● WORK REQUEST
In the records below, find each line with the word "Fresh" and copy it.
____ MATERIAL TO PROCESS
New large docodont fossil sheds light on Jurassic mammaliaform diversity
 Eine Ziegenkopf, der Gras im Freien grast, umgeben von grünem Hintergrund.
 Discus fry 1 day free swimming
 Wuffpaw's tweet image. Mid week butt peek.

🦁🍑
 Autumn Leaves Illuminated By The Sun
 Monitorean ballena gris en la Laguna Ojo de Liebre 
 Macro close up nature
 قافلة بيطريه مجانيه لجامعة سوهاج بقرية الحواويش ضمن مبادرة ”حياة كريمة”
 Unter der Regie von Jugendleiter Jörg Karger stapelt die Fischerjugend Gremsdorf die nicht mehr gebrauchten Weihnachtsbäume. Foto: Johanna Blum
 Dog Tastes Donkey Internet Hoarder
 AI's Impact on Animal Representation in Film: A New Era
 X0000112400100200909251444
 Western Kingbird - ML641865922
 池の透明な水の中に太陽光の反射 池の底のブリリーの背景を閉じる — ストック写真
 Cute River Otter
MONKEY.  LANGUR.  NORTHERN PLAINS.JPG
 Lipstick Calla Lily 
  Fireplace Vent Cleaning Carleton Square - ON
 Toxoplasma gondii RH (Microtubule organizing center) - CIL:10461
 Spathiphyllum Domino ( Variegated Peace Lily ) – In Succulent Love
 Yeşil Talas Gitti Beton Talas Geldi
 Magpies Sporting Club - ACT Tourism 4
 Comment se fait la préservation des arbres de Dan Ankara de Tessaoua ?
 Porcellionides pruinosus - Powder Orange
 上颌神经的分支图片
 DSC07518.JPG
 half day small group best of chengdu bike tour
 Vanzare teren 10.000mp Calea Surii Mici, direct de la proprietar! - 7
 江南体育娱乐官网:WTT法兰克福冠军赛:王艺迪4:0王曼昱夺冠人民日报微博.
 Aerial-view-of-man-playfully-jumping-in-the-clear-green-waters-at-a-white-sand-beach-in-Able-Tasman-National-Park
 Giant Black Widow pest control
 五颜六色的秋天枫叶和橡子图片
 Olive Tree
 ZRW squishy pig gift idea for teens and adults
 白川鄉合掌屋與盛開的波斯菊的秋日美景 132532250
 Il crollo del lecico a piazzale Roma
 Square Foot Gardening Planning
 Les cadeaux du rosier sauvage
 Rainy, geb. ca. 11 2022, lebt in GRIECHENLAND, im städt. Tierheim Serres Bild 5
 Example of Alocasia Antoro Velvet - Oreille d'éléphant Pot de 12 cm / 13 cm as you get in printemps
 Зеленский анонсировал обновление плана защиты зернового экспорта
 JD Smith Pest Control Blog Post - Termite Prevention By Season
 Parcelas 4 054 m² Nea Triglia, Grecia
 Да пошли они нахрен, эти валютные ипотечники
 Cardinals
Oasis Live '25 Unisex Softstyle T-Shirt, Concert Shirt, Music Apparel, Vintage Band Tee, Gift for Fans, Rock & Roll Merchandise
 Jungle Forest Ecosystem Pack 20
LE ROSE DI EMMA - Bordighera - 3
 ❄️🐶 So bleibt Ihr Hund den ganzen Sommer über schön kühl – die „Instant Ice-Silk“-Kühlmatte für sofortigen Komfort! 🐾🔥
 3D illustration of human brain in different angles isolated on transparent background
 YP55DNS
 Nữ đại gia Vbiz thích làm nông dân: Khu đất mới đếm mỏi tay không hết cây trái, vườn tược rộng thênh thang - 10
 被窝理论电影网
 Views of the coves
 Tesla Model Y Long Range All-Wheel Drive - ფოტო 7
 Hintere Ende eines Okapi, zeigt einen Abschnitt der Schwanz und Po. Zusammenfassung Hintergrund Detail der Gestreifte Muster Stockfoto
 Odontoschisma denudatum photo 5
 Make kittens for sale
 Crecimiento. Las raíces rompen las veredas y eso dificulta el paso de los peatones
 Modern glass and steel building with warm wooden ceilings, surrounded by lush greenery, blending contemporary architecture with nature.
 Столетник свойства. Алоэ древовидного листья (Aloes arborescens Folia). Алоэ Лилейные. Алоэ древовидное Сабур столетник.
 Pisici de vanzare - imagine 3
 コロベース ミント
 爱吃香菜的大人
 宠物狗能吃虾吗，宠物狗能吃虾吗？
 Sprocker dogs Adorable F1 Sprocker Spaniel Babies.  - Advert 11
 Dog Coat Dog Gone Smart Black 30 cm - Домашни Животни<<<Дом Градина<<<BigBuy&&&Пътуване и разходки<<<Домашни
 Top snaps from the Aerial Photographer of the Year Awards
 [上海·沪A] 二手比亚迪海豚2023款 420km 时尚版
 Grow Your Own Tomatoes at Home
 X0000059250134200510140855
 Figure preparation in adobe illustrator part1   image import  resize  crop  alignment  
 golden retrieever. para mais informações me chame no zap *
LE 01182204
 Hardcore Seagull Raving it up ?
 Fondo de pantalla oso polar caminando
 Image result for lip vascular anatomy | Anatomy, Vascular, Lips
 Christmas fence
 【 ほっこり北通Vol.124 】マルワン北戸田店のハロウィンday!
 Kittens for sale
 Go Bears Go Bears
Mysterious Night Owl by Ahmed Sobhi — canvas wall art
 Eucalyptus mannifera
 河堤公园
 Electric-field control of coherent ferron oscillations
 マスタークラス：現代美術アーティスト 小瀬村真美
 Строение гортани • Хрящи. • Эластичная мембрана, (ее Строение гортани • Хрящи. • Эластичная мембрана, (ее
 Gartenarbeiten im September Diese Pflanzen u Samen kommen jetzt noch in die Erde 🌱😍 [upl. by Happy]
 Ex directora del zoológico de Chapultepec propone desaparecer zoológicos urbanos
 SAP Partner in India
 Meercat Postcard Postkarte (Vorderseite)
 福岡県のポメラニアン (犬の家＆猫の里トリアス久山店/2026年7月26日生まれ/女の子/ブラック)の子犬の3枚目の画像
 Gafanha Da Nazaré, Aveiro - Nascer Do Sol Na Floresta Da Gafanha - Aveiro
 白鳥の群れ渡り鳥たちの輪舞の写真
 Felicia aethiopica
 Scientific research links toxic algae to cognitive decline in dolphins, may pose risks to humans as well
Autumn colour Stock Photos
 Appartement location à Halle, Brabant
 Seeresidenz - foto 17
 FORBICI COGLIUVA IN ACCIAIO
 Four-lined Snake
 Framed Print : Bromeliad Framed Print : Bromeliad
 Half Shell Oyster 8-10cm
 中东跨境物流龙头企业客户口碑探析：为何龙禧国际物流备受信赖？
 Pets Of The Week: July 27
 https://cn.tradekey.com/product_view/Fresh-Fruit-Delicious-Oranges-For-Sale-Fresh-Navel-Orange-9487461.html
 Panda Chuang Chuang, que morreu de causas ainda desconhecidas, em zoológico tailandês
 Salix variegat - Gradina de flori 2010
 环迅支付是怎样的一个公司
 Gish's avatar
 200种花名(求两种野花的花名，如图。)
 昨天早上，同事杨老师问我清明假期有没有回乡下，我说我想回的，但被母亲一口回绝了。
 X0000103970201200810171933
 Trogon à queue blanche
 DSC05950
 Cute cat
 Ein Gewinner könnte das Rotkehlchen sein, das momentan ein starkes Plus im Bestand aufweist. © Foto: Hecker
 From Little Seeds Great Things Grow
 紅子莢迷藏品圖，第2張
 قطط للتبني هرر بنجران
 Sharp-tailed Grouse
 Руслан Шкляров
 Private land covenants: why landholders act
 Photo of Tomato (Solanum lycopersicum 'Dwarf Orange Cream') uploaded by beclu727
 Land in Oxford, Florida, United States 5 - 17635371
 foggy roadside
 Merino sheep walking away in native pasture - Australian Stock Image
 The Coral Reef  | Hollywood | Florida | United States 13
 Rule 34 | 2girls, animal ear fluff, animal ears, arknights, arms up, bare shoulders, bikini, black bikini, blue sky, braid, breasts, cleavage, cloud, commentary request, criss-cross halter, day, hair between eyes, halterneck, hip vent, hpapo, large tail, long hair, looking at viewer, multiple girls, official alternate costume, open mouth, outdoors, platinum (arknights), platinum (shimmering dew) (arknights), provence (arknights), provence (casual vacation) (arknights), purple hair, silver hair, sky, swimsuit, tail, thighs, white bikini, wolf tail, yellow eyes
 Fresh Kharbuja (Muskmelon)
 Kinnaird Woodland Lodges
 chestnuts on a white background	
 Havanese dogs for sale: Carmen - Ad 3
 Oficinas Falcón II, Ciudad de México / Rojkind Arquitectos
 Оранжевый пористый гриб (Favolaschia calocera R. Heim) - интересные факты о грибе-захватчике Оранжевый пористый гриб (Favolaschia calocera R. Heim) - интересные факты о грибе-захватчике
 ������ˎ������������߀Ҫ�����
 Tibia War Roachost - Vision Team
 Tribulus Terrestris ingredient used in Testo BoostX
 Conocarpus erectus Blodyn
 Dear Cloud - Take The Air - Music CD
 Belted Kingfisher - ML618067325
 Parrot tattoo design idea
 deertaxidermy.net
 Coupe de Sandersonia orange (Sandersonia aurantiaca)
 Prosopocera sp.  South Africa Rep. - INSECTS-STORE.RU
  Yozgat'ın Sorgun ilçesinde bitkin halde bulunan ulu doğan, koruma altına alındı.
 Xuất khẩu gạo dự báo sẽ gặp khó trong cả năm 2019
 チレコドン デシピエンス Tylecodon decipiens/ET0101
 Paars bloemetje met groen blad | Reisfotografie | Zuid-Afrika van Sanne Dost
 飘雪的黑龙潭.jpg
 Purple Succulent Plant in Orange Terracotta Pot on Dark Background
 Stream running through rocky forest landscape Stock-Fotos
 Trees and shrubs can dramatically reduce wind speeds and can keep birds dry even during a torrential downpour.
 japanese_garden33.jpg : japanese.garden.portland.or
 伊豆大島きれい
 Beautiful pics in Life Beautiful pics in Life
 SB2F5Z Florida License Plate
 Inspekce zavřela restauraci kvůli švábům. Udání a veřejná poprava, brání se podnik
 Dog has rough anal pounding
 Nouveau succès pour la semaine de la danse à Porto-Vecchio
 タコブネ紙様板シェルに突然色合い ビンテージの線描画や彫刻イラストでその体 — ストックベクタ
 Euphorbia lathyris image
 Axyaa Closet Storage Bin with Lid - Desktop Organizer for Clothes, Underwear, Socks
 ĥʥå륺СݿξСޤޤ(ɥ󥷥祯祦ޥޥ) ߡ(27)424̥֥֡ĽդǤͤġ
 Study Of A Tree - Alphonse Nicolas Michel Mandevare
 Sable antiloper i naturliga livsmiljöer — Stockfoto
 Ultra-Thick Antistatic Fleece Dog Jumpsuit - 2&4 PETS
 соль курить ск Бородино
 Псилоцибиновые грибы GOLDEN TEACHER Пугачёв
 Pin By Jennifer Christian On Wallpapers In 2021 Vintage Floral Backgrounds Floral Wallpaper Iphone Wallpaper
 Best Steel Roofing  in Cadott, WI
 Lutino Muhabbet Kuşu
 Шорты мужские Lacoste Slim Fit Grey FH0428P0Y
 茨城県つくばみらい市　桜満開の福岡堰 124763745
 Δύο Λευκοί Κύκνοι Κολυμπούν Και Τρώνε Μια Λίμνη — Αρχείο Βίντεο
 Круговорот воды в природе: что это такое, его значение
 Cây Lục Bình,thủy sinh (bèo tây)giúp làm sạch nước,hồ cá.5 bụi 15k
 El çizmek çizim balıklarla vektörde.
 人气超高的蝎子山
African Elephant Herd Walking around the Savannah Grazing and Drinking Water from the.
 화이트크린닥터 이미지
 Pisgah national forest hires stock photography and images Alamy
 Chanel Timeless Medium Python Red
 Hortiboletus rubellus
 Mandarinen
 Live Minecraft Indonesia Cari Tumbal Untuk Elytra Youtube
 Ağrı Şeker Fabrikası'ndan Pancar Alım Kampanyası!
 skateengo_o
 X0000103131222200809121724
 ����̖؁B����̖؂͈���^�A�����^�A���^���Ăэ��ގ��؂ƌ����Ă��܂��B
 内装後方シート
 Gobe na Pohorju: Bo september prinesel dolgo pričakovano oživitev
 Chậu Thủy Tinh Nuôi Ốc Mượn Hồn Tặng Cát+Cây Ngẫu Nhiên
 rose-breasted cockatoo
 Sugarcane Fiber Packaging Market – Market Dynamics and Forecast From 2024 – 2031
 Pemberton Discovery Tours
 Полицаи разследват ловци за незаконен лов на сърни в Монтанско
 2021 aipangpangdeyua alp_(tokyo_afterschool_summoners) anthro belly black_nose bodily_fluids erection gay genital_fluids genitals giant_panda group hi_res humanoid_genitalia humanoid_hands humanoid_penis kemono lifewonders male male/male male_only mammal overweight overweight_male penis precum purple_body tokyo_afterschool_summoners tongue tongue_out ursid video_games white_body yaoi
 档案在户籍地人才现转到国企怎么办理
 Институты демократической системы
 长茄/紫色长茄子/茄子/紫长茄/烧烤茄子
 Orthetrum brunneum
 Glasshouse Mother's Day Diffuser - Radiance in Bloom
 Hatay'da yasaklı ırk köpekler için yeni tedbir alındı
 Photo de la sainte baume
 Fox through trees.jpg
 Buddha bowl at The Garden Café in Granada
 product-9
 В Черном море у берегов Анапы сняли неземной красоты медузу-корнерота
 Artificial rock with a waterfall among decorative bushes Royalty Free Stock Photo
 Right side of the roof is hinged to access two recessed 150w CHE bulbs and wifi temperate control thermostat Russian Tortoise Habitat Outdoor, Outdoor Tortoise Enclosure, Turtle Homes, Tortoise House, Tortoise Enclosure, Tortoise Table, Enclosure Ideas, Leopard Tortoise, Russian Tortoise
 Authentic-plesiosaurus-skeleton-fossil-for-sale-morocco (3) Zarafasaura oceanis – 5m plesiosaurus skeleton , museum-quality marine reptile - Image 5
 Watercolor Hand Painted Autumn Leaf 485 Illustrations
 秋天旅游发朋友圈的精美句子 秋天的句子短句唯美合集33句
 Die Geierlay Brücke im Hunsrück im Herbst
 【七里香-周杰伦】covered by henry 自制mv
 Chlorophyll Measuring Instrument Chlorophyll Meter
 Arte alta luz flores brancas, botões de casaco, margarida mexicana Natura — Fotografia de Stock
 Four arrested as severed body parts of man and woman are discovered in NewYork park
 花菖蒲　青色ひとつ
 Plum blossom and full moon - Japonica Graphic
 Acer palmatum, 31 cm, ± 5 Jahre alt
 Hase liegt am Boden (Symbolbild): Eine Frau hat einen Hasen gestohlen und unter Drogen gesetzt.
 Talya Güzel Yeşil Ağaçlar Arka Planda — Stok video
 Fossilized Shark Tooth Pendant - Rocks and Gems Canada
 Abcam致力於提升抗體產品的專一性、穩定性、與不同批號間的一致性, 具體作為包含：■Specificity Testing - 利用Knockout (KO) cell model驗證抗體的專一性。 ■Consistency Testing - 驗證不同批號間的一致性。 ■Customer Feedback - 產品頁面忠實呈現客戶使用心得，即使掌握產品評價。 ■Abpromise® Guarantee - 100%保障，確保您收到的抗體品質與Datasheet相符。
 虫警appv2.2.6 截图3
________
● ANSWER FOR THE TASK
 https://cn.tradekey.com/product_view/Fresh-Fruit-Delicious-Oranges-For-Sale-Fresh-Navel-Orange-9487461.html
 Fresh Kharbuja (Muskmelon)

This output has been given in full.